February 16, 2005 [LINK]

"Backyard" bird watching

As everyone knows (or should know), Central America is the "backyard" of the good ol' U.S.A. So, when you go bird watching down here, you are in effect doing "backyard" bird watching. smile Today Jacqueline and I splurged on a "package tour," something I have rarely if ever done before. The prime birding and nature hot spots in Costa Rica are in very remote places, so I figured it would be better to start off with a guide. I almost regretted my decision after our first stop, the Poas volcano, about 25 miles NW of San Jose. It is one of a chain of volcanoes anchoring a mountain range that stretches across the middle of the country, from northwest to southeast. The higher elevations are a "cloud forest," which means that it is almost always raining or drizzling or misting. I was prepared with a proper jacket and umbrella, but the clouds and precipitation reduced visibility so much that we couldn't see anything inside the crater, which is supposed to be the second biggest one in the world. Fortunately, I saw a number of good birds, including some Sooty-capped bush tanagers, a Sooty-faced finch, a Black-cowled oriole, a Scarlet-thighed dacnis, among others. All those birds made it a worthwhile stop after all.

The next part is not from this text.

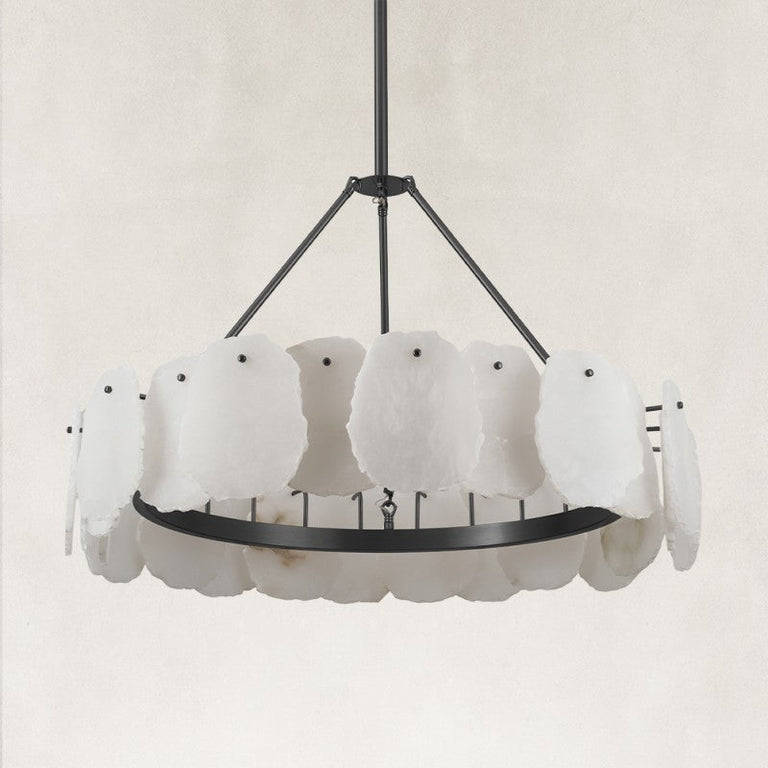 Black ring chandelier with white curved panels, unlit product view.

The we went to La Paz Waterfall, located on the eastern slope of Poas volcano. It includes an enclosed butterfly sanctuary, where we saw hundreds of chrysalises and/or cocoons. We actually saw an exotic butterfly emerge and take flight for the very first time in its life! But for me the biggest thrill was the hummingbird center, where dozens of feeders attracted a constant stream of so many different species of hummingbirds that there was no way I could hope to identify most of them. Actually, though, there was a way: our Canon DV camera! I tried my best to get as many of those tiny speedsters on tape as I could, and after further review, I would say I can probably identify at least six or seven species, maybe more. By far the best was the large Violet saber-wing. A German couple was blocking my camera angle for crucial minutes, and I almost despaired of one of the greatest bird photo-ops ever. At last, they moved, and I got some great shots. But wait, there's more! While at La Paz we also saw several Rose-breasted grosbeaks, Silver-throated tanagers (not well named, as you will soon see from the photos I took), Tennessee warblers, and others not yet identified. Finally, we walked along a precarious set of steel grate walkways to see the La Paz Waterfalls, which are awesome. The cloud forest foliage was just too thick to get good views of the many birds I heard and glimpsed.

Our final stop of the day was the Doka Estate coffee plantation, in the foothills between Poas volcano and San Jose. Just before we arrived there I spotted some kind of a hawk along the road. It was a pleasant and informative tour of the farm, the coffee bean sorting equipment, and the roasting mill. It is a modern monoculture plantation, however, which means that it is not good habitat for songbirds. Also, shade-grown coffee is better quality than coffee from trees grown in open fields, and I bought a bag of organic shade-grown coffee. Finally our tour bus brought us back to Kap's Place in San Jose. Another busy, exhausting, extremely rewarding day!

Tomorrow we may take a bus/boat trip to the Caribbean coast, or perhaps head south to the Pacific beaches. Maybe we can squeeze both in!